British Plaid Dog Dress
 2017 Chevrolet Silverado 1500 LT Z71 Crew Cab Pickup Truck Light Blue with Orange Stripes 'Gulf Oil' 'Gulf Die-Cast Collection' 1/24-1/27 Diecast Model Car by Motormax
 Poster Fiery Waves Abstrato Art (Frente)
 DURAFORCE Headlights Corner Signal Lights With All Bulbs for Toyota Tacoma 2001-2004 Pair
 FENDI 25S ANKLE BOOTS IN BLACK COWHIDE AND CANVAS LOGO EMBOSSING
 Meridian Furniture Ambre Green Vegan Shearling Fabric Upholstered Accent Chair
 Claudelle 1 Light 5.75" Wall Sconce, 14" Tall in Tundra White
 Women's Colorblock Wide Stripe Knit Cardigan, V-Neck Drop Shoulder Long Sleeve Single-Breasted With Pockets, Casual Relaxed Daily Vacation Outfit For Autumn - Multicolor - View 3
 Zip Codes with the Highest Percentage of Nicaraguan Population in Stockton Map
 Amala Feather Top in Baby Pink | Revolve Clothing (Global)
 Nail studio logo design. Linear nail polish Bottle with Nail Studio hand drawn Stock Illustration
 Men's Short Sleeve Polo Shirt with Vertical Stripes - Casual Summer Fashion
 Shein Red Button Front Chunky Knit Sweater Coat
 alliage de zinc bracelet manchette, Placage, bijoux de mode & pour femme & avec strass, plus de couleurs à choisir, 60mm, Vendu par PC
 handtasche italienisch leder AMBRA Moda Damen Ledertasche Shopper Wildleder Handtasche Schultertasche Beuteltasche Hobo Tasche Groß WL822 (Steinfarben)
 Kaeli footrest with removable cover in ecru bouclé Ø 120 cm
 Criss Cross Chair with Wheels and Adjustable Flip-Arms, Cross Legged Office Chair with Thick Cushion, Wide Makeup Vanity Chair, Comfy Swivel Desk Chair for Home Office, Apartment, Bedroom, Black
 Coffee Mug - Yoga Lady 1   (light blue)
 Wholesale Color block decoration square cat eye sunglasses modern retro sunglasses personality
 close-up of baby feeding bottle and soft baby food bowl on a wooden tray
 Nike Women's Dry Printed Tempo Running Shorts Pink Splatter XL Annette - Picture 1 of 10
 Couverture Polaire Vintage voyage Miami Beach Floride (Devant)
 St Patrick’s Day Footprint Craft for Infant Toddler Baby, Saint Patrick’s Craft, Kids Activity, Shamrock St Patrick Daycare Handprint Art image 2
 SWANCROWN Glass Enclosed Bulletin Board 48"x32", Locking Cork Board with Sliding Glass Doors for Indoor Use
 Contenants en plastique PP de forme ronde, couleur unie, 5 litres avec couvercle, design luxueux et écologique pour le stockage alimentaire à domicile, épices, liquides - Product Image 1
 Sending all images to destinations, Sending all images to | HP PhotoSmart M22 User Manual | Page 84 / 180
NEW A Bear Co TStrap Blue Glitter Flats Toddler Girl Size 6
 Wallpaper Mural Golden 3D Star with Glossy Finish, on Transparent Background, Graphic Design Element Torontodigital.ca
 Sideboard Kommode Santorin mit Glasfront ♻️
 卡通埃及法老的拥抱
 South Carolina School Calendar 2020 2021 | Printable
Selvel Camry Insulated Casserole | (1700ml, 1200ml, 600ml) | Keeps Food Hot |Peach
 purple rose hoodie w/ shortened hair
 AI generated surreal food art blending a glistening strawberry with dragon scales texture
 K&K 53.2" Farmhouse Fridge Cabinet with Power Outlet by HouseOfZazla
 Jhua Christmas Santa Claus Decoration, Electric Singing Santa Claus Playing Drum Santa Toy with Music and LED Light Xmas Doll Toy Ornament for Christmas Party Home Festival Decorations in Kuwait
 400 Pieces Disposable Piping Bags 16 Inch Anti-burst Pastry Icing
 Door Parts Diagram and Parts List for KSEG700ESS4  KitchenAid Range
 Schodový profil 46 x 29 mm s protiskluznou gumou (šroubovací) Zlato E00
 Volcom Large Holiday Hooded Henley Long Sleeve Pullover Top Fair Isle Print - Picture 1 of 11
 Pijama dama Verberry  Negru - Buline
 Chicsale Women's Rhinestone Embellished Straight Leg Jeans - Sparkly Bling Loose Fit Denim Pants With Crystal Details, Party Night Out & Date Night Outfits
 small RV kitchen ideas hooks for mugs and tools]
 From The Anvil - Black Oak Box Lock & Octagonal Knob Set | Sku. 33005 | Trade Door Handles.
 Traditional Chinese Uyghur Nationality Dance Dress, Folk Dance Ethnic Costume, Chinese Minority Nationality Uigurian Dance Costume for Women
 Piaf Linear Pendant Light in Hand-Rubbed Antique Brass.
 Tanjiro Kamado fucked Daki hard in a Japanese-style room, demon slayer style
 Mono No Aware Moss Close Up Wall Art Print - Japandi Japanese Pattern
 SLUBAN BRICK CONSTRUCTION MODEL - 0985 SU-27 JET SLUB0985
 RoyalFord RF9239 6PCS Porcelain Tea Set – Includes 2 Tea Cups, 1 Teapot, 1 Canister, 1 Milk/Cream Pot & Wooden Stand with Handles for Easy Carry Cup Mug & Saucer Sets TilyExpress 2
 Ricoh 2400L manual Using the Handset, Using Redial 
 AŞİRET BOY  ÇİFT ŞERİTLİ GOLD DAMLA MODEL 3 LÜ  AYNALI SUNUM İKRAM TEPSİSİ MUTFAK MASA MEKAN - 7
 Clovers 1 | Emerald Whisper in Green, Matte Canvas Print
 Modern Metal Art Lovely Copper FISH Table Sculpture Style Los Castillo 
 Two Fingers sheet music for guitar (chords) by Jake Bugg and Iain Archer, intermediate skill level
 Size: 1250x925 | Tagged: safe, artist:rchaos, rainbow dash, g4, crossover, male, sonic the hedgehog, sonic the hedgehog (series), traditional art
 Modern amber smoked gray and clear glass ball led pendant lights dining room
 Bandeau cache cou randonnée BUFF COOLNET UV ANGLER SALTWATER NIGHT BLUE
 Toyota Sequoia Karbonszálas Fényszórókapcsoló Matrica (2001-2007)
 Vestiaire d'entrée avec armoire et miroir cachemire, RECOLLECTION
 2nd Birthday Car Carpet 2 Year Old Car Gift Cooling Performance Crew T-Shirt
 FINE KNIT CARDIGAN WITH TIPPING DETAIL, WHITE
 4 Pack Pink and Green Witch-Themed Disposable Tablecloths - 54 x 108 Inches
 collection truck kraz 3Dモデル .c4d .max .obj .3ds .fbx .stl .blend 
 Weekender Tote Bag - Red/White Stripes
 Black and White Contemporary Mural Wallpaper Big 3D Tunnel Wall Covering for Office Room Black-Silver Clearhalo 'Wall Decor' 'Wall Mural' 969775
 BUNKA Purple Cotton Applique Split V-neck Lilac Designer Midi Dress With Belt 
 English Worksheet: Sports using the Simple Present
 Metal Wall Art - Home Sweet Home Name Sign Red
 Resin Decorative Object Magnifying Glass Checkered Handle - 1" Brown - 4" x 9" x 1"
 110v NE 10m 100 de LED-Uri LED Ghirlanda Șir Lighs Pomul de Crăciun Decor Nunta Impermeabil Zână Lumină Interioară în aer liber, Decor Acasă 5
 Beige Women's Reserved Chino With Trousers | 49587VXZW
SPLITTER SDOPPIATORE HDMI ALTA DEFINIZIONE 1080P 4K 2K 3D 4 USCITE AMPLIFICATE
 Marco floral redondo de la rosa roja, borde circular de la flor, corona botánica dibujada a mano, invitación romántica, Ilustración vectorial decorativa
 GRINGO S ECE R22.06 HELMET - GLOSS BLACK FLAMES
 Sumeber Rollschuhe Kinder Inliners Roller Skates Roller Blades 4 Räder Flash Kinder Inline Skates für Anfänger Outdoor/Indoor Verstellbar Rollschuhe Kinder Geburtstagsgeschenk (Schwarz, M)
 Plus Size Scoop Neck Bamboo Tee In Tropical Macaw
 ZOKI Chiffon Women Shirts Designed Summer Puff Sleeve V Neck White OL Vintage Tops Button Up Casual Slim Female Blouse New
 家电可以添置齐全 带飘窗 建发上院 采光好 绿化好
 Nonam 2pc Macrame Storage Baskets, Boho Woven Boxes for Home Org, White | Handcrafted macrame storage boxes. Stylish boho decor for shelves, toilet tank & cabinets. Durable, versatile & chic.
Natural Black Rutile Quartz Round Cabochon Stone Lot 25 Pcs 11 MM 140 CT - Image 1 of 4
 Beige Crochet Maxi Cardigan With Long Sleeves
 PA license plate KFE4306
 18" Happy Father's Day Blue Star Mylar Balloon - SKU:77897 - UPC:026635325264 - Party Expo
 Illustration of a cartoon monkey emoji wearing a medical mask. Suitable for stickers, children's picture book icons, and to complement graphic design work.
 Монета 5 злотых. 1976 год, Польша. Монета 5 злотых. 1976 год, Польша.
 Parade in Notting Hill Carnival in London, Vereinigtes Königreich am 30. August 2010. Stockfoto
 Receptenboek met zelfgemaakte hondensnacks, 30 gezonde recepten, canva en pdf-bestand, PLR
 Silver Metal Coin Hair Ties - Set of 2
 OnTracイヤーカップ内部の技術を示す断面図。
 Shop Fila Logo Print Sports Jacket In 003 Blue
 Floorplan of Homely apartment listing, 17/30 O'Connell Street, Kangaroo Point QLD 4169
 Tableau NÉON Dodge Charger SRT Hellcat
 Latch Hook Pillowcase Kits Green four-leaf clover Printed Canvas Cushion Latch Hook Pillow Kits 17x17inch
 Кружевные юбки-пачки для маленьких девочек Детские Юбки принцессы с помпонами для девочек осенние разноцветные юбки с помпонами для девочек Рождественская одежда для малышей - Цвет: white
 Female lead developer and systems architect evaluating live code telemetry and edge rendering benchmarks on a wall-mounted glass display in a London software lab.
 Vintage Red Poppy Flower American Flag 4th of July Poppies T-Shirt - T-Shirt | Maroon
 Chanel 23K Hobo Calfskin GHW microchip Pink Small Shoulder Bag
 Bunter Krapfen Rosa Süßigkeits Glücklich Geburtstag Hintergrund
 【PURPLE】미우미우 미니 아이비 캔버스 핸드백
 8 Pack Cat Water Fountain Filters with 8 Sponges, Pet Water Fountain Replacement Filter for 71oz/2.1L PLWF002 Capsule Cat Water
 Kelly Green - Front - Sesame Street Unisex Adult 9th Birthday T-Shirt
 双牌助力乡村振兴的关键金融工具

**Your assignment**:
Working from the data above, extract solely the lines from the one containing "Wallpaper Mural Golden" through the one containing "Clovers 1 |", exactly as they appear, both included.

**Reply**:
 Wallpaper Mural Golden 3D Star with Glossy Finish, on Transparent Background, Graphic Design Element Torontodigital.ca
 Sideboard Kommode Santorin mit Glasfront ♻️
 卡通埃及法老的拥抱
 South Carolina School Calendar 2020 2021 | Printable
Selvel Camry Insulated Casserole | (1700ml, 1200ml, 600ml) | Keeps Food Hot |Peach
 purple rose hoodie w/ shortened hair
 AI generated surreal food art blending a glistening strawberry with dragon scales texture
 K&K 53.2" Farmhouse Fridge Cabinet with Power Outlet by HouseOfZazla
 Jhua Christmas Santa Claus Decoration, Electric Singing Santa Claus Playing Drum Santa Toy with Music and LED Light Xmas Doll Toy Ornament for Christmas Party Home Festival Decorations in Kuwait
 400 Pieces Disposable Piping Bags 16 Inch Anti-burst Pastry Icing
 Door Parts Diagram and Parts List for KSEG700ESS4  KitchenAid Range
 Schodový profil 46 x 29 mm s protiskluznou gumou (šroubovací) Zlato E00
 Volcom Large Holiday Hooded Henley Long Sleeve Pullover Top Fair Isle Print - Picture 1 of 11
 Pijama dama Verberry  Negru - Buline
 Chicsale Women's Rhinestone Embellished Straight Leg Jeans - Sparkly Bling Loose Fit Denim Pants With Crystal Details, Party Night Out & Date Night Outfits
 small RV kitchen ideas hooks for mugs and tools]
 From The Anvil - Black Oak Box Lock & Octagonal Knob Set | Sku. 33005 | Trade Door Handles.
 Traditional Chinese Uyghur Nationality Dance Dress, Folk Dance Ethnic Costume, Chinese Minority Nationality Uigurian Dance Costume for Women
 Piaf Linear Pendant Light in Hand-Rubbed Antique Brass.
 Tanjiro Kamado fucked Daki hard in a Japanese-style room, demon slayer style
 Mono No Aware Moss Close Up Wall Art Print - Japandi Japanese Pattern
 SLUBAN BRICK CONSTRUCTION MODEL - 0985 SU-27 JET SLUB0985
 RoyalFord RF9239 6PCS Porcelain Tea Set – Includes 2 Tea Cups, 1 Teapot, 1 Canister, 1 Milk/Cream Pot & Wooden Stand with Handles for Easy Carry Cup Mug & Saucer Sets TilyExpress 2
 Ricoh 2400L manual Using the Handset, Using Redial 
 AŞİRET BOY  ÇİFT ŞERİTLİ GOLD DAMLA MODEL 3 LÜ  AYNALI SUNUM İKRAM TEPSİSİ MUTFAK MASA MEKAN - 7
 Clovers 1 | Emerald Whisper in Green, Matte Canvas Print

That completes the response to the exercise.